SANTA CLARA, Calif. -- Mike Singletary realizes a public apology for his team's poor play and his postgame trashing of tight end Vernon Davis were the most memorable highlights of the San Francisco 49ers' sorry season.
Just don't expect the interim coach's next postgame news conference to be as entertaining as his animated debut.
"Maybe I'll drink a little more water," Singletary said Monday. "Maybe I'll breathe a little bit."
After a day to cool down from the 49ers' 34-13 loss to Seattle, Singletary was ready to have a calm discussion with Davis, whose reaction to a personal-foul penalty drove Singletary to banish the tight end from the field.
"Vernon is not a problem guy," Singletary said. "Vernon just forgets sometimes that the team is more important."
And after benching J.T. O'Sullivan shortly before halftime in favor of Shaun Hill, Singletary could have a quarterback controversy heading into the Niners' next game at Arizona on Nov. 10. So Monday he named Hill the starter.
But Singletary won't attack San Francisco's myriad problems by changing his style, which got wide public attention Sunday for the first time since the Hall of Fame linebacker retired after the 1992 season.
That's good news for 49ers fans who thought Singletary's frank, creative assessments of the 49ers' shortcomings were a welcome change for a franchise that's been among the NFL's dullest outposts for the past half decade under Dennis Erickson and Mike Nolan.
"I don't talk a whole lot, but when I am talking, I do know what I feel, and I do know what I want to say," Singletary said. "I don't ever want to come in there and be a philosopher, an analytical [person]. That's not who I am. What you see now is what I am, and that's not going to change any time soon."
While his predecessor usually wore expensive dress shirts and tailored pants to his Monday television appearances, Singletary showed up in khaki cargo pants and a T-shirt, looking less like a hedge fund manager and more like a drill sergeant on his day off.
Although fans still don't know whether Nolan's coaching protégé can fix the 49ers (2-6) on the field, compliments for Singletary's passion and straightforward style poured in from talk radio, the blogosphere and even the Candlestick Park fans who got Singletary's firsthand apology after the game.
Singletary won't lose the fervor that made him a well-paid motivational speaker before he got into coaching, but he hopes his team will give him much less reason to be furious when it returns from the bye week.
Singletary hasn't decided whether Davis will be back in his starting lineup after the pair's public blowup on the sideline. Davis got a questionable personal-foul penalty for tapping Seattle's Brian Russell on the face mask after a third-quarter catch, but Singletary got really steamed when Davis shrugged his shoulders at Singletary when he was yanked off the field.

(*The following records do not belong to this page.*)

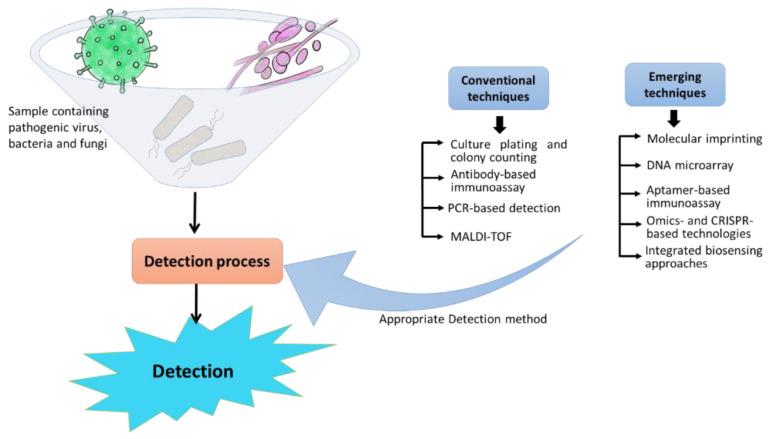 https://cdn.ncbi.nlm.nih.gov/pmc/blobs/5f44/9313409/e846a7fbc3f6/biosensors-12-00489-sch001.jpg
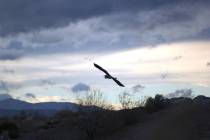 Wetlands Loop, a 14-mile bike path that runs along both banks of the Las Vegas Wash, offers mou ...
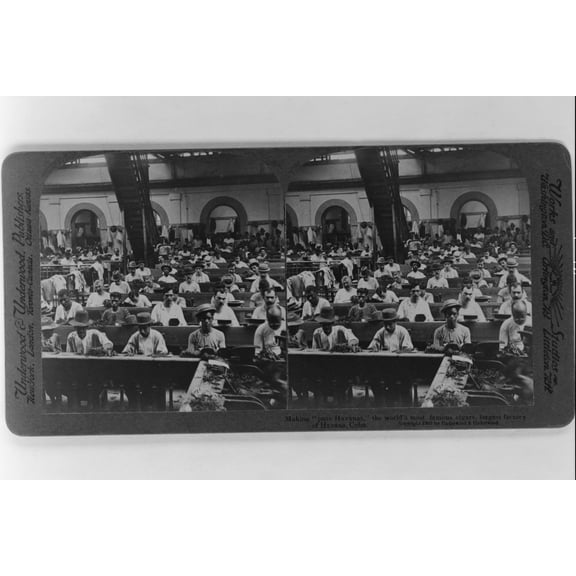 Print: Making Pure Havanas, The World's Most Famous Cigars, Largest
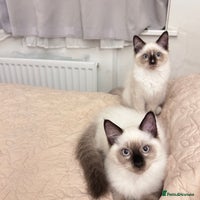 Ragdoll cats - Advert 3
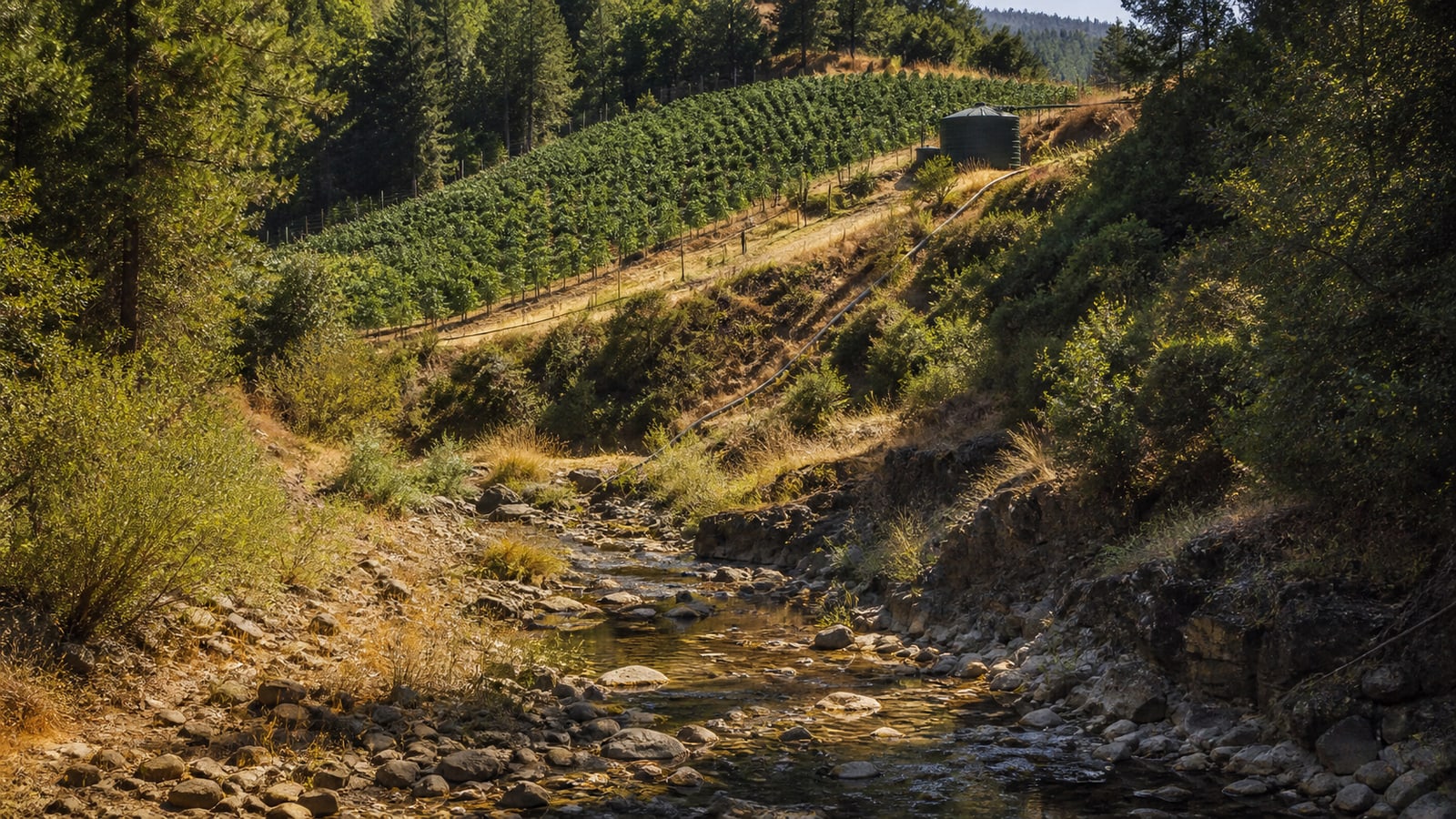 A shallow northern California headwater stream runs below a hillside farm and irrigation tank during a dry summer.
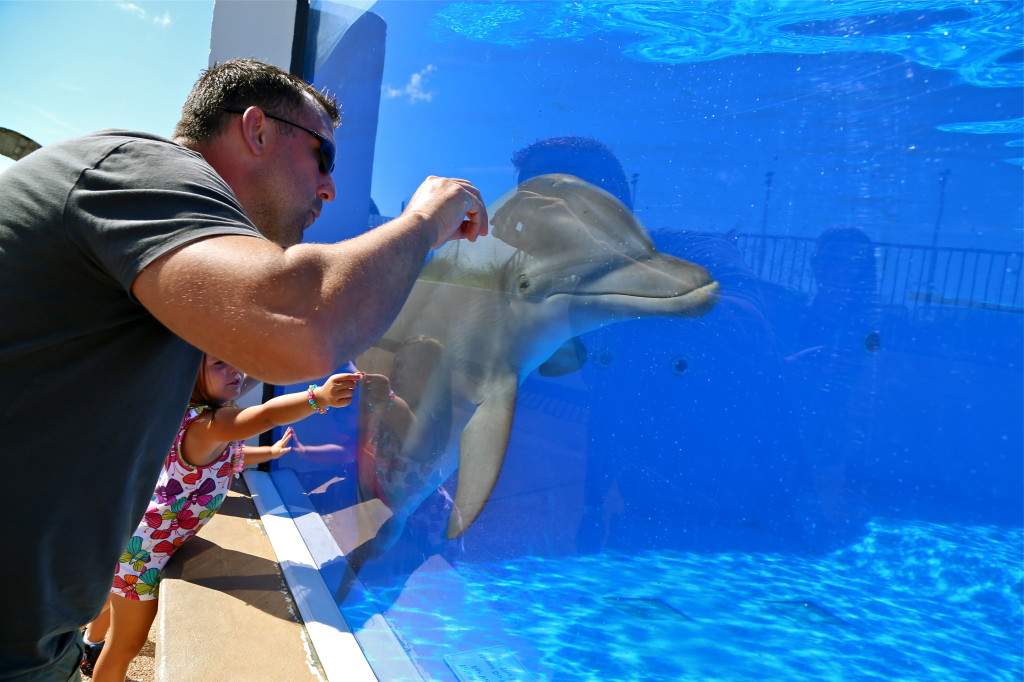 video rencontre dauphin marineland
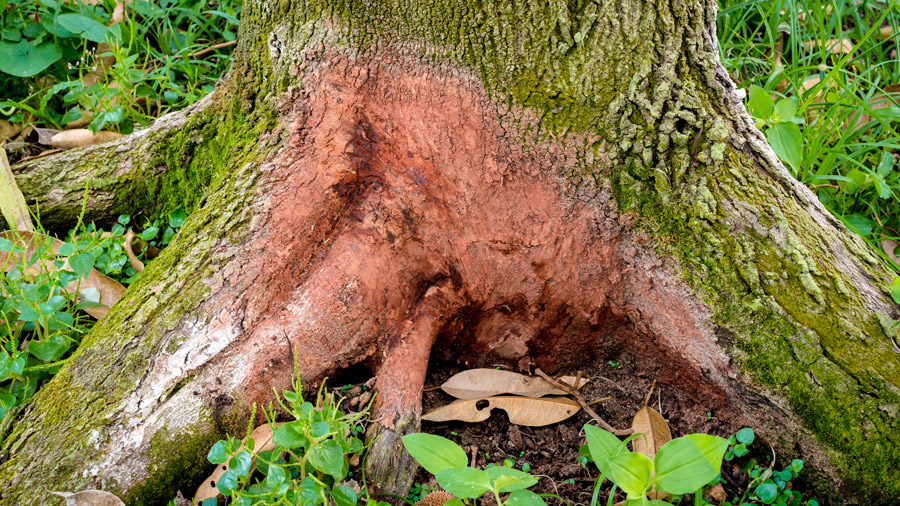 Diseased Tree Roots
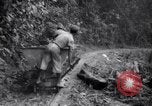 Immagine di Lavoro nelle prigioni Devil's Island Guiana francese, 1939, secondo 23 filmato di repertorio 65675030232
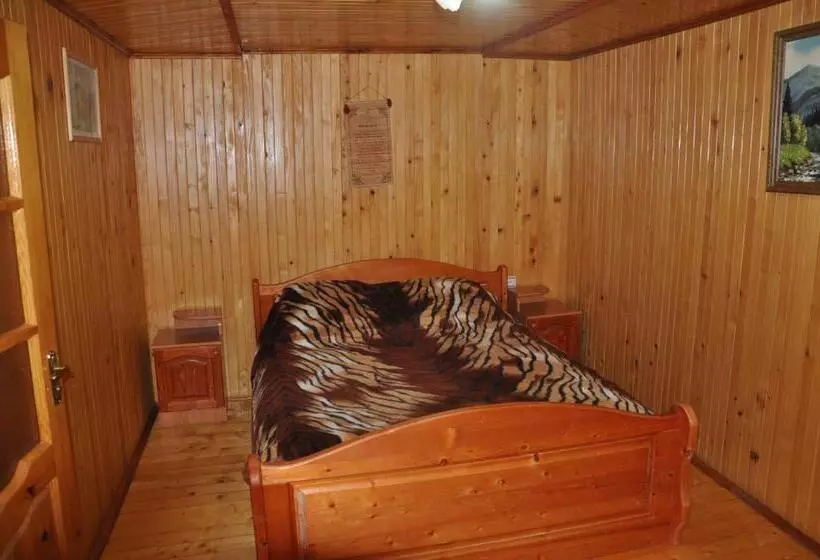 Hotelli сосновий двір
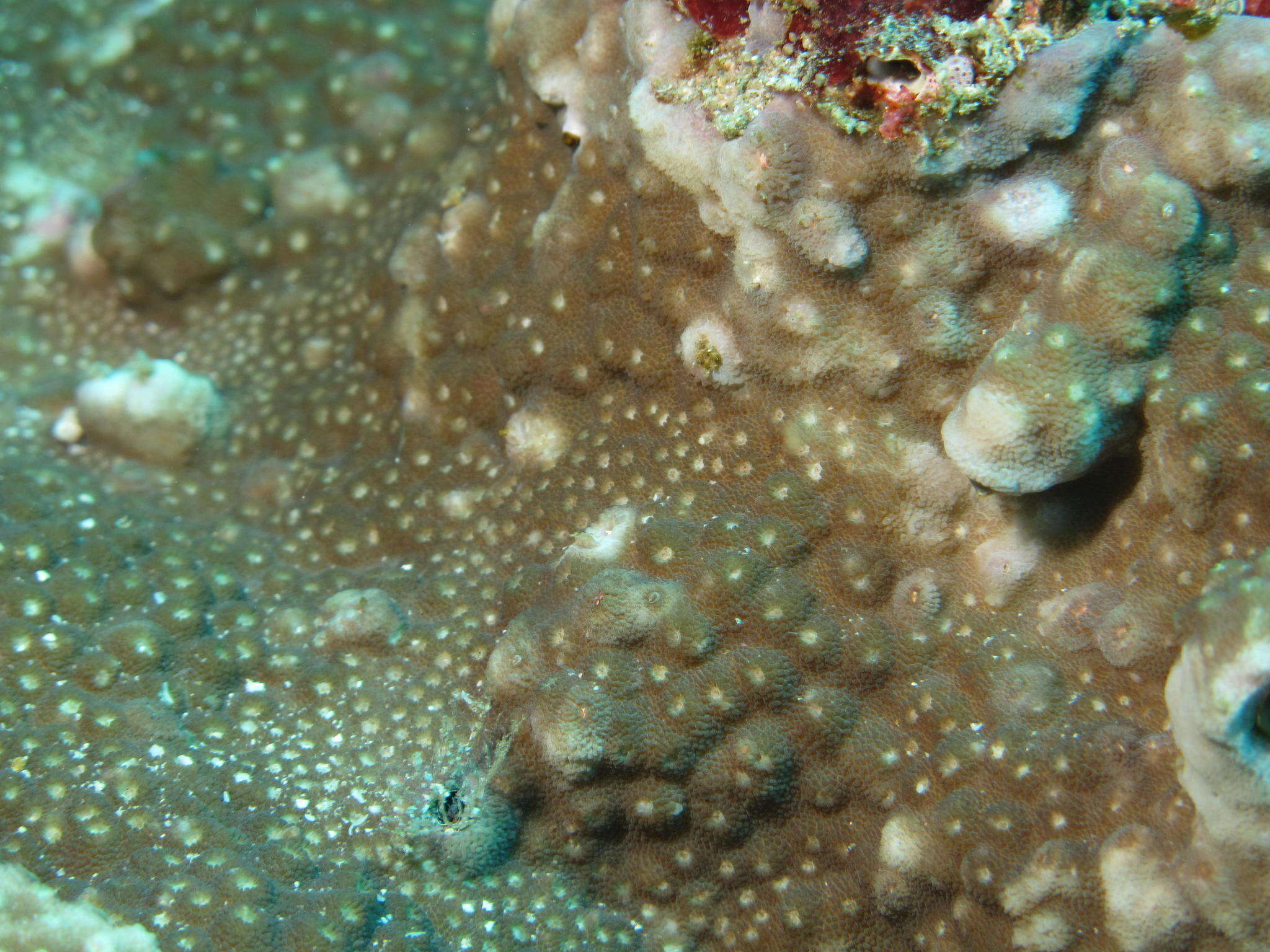 Image of starflower coral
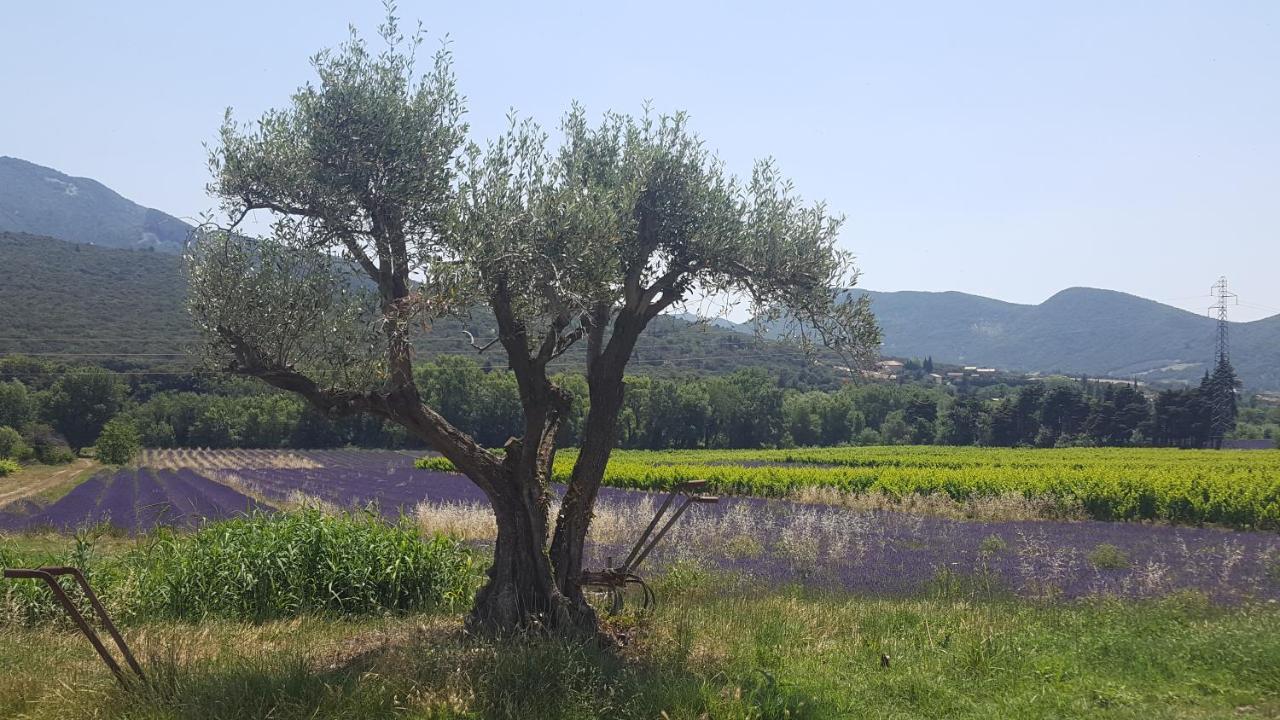 Gites Du Chateau D'Alencon Le Pegue ภายนอก รูปภาพ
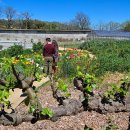 리언농장 이미지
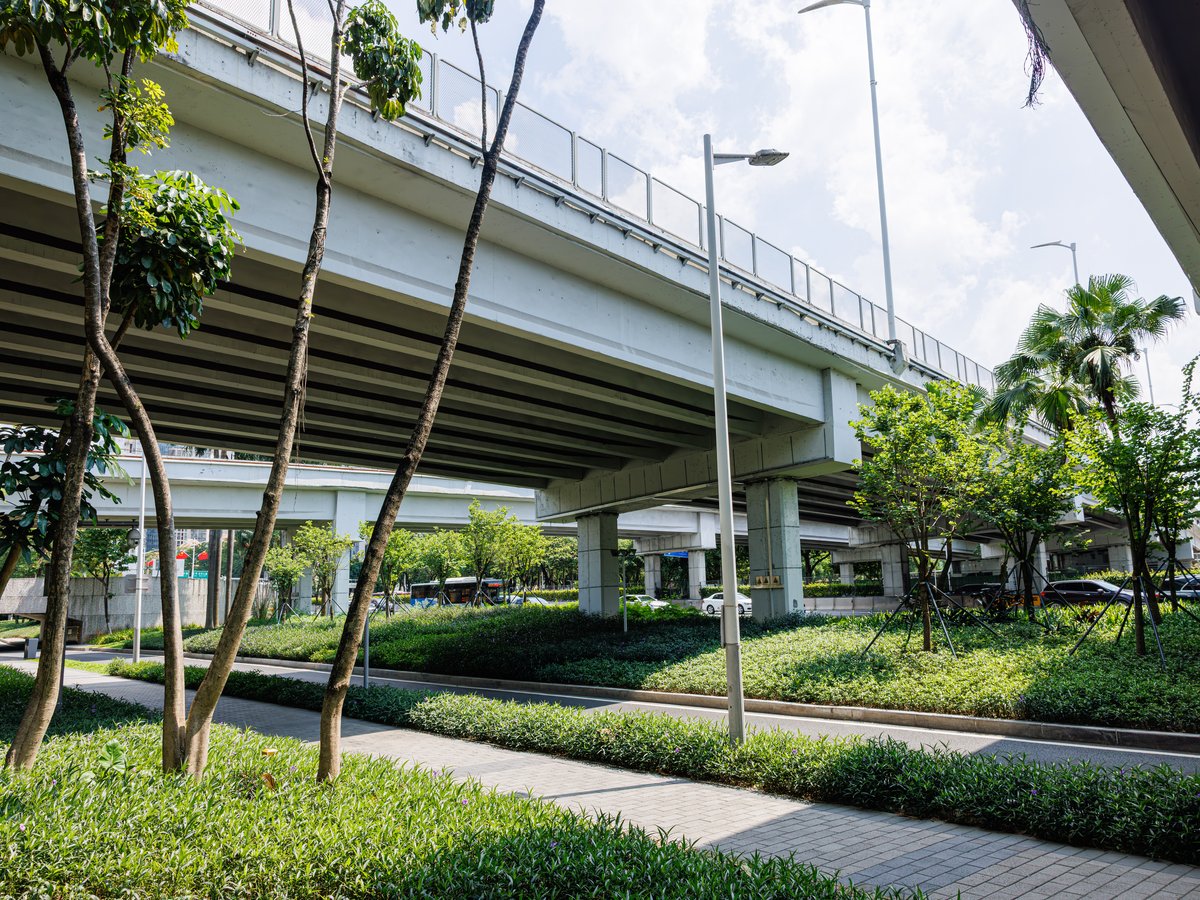 Binhai Boulevard in Shenzhen, one of the corridors where robotaxis operate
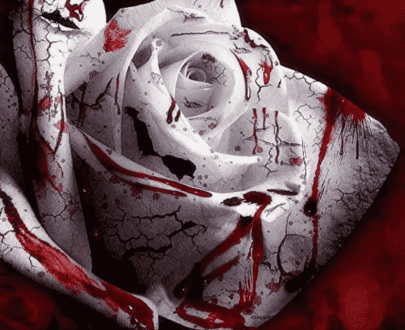 White Blood Rose
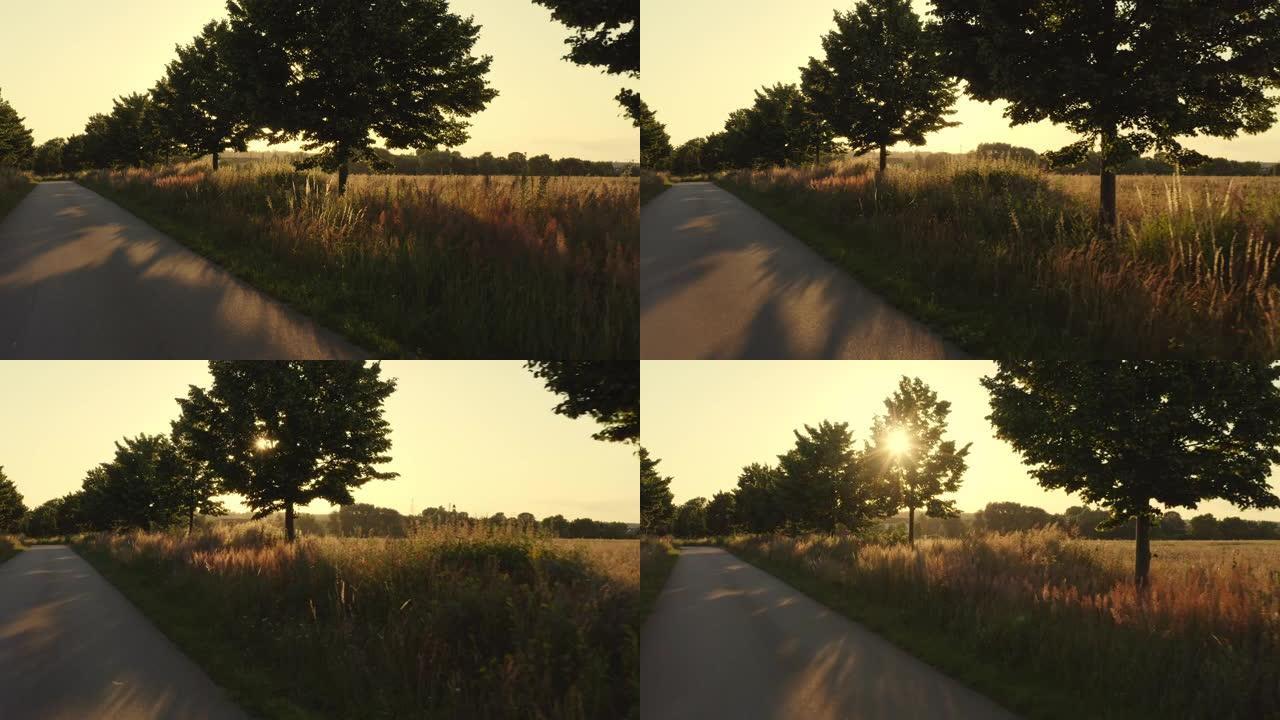 阳光照耀着树木，美丽的慢速相机飞行，无人机经过一条道路，树木朝着日落的方向行驶。拥有奇妙的背光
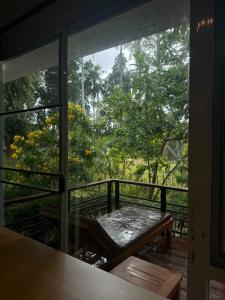Phangan Akuna - 27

Davis is a well-known hothead who frequently gets into scraps with teammates during practice, yet he's usually calm and repentant the moment he removes his helmet. Singletary didn't care, ordering Davis to sit on the bench and then sending him to the showers at the next timeout.
"I didn't expect him to come at me the way he did," Davis said Monday. "I guess that's his way of coaching."
Davis and Singletary finally had a talk Monday afternoon, although Davis said he mostly listened. Davis said he also didn't talk back on the field to Singletary, who suggested Davis wasn't a team player during his news conference.
"I know that I'm a team guy," Davis said. "I asked him about the comment he made. He basically said he didn't mean that. I'd never do anything to hurt my teammates or put them in trouble. It's about the team, and when you're playing this game, we've really got to lean on each other."
Singletary knows Davis possesses a measure of passion the Niners' coach showed during his playing days with the Chicago Bears, but without the mental awareness that made Singletary among the best to ever play his position.
"Vernon is not a guy who doesn't come to practice," Singletary said. "You have to tell Vernon, 'That's enough. Don't hurt the guy. That's your teammate.' He works his tail off. You don't have a problem with Vernon that way. What you have a problem with is with some of the decisions he makes at crucial times."
Information from The Associated Press was used in this report.